**Material for this exercise**.
○ ○ ○ ○ ○

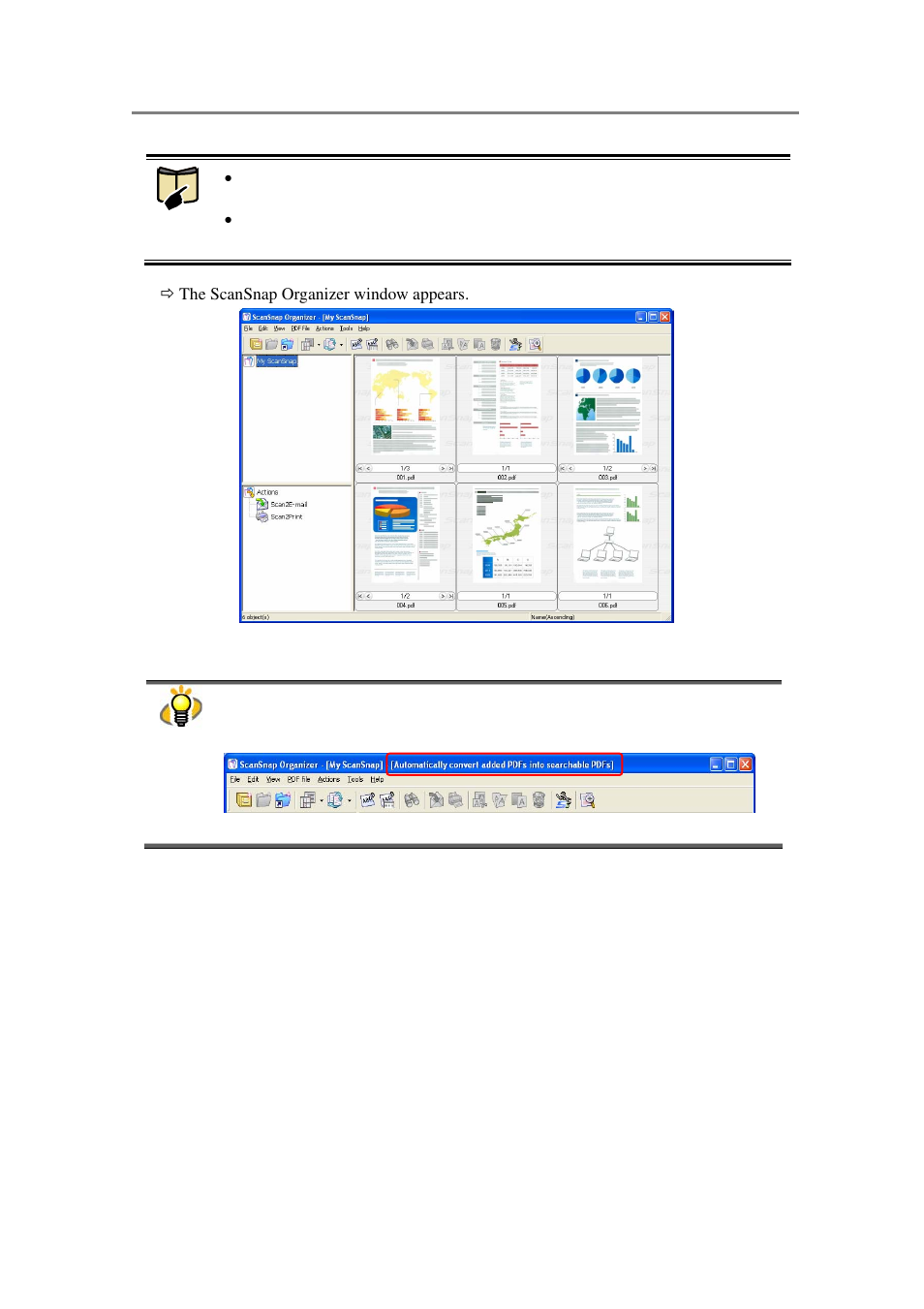 FUJITSU SCANSNAP P2WW-2301-01ENZ0 User Manual | Page 9 / 90
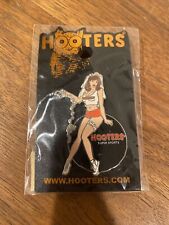 HOOTERS RESTAURANT BACHELORETTE PARTY BALL AND CHAIN GIRL LAPEL PIN SUPER SPORTS picture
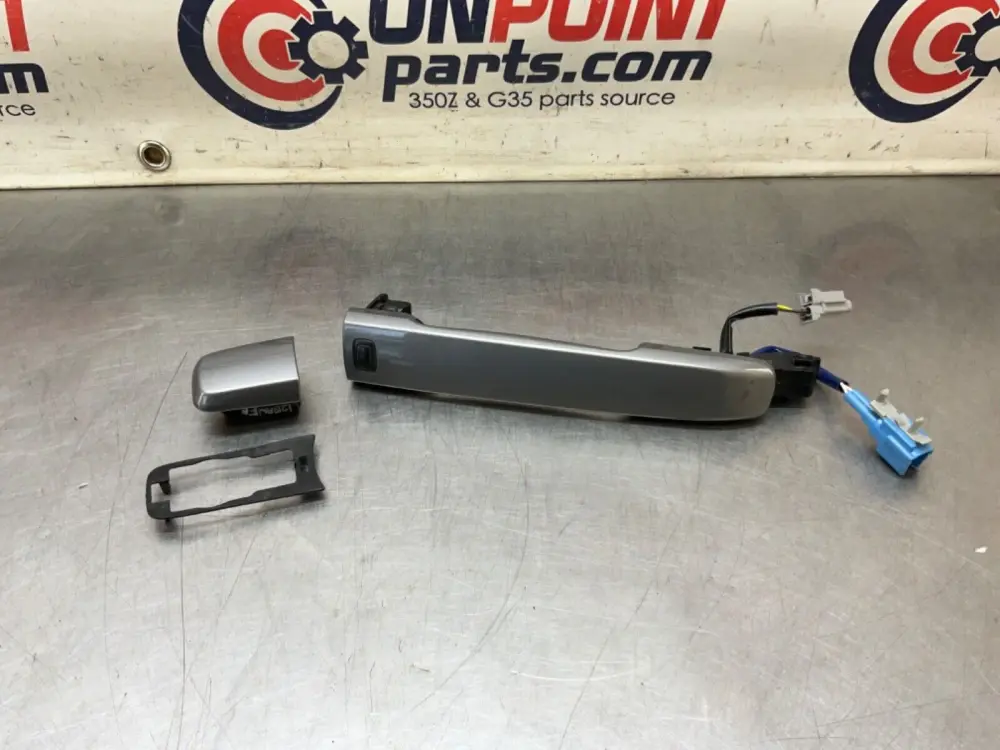 2009 Infiniti V36 G37 Passenger Right Front Exterior Door Handle OEM 12BAWFE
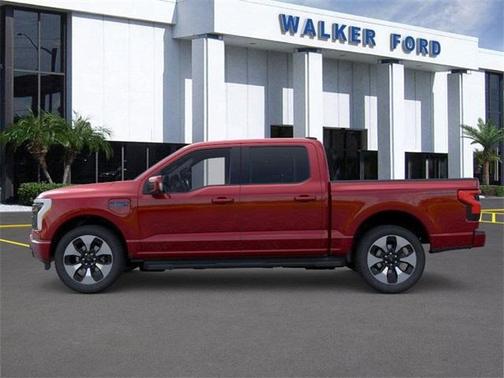 2025 Ford F-150 Lightning Platinum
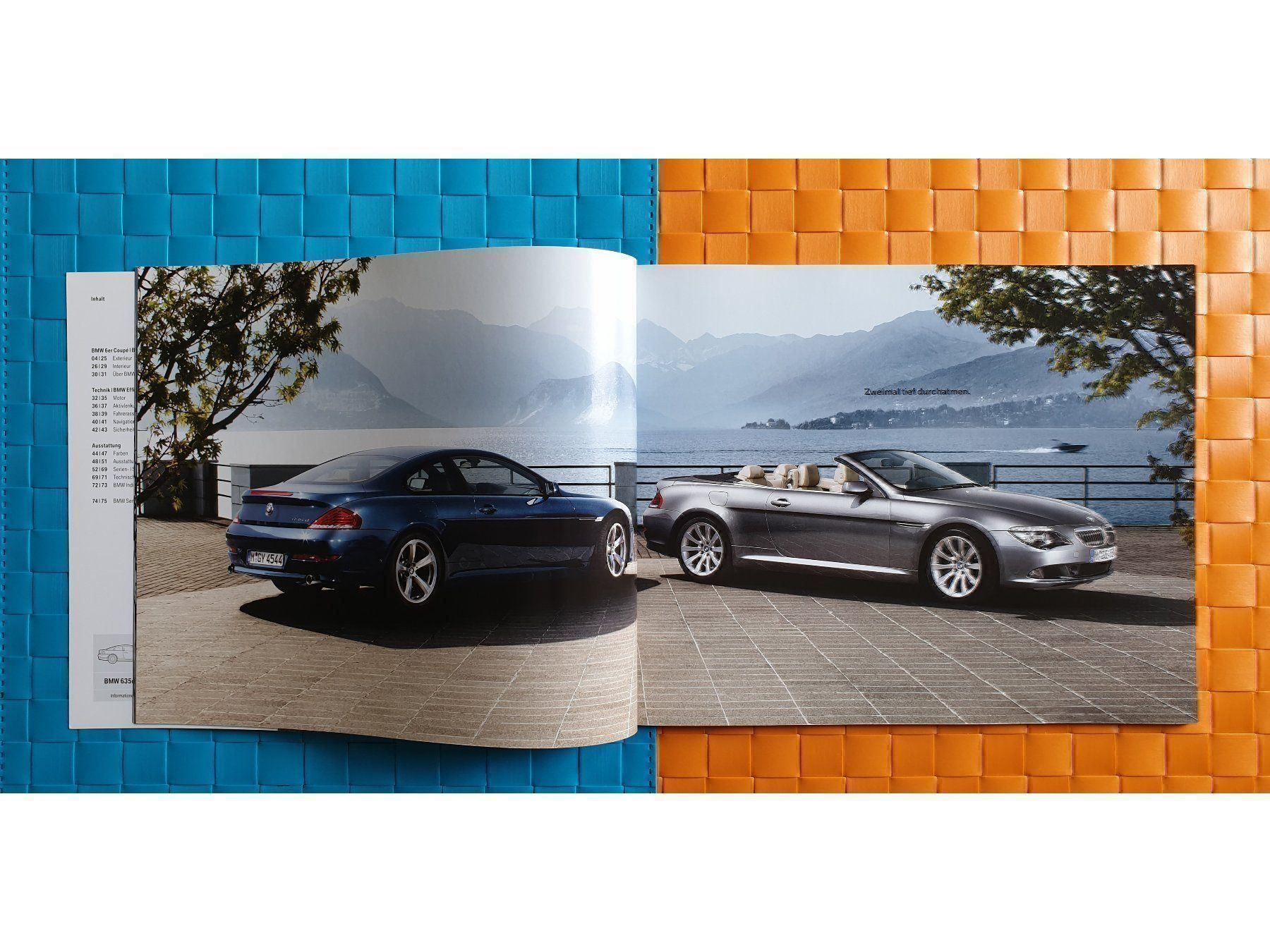 Revues & Magazines: BMW 6er / 630i / 650i / 635d / E63, E64 - Prospekt / Katalog – Neuf (Voir description) à Viganello par CARLiteratur 3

○ ○ ○ ○ ○

**What you should do**.
Starting at the line that contains "HOOTERS RESTAURANT BACHELORETTE", transcribe each line through the last one of the entries above, exactly and without pictures.

**Exercise output**.
 HOOTERS RESTAURANT BACHELORETTE PARTY BALL AND CHAIN GIRL LAPEL PIN SUPER SPORTS picture
 2009 Infiniti V36 G37 Passenger Right Front Exterior Door Handle OEM 12BAWFE
 2025 Ford F-150 Lightning Platinum
 Revues & Magazines: BMW 6er / 630i / 650i / 635d / E63, E64 - Prospekt / Katalog – Neuf (Voir description) à Viganello par CARLiteratur 3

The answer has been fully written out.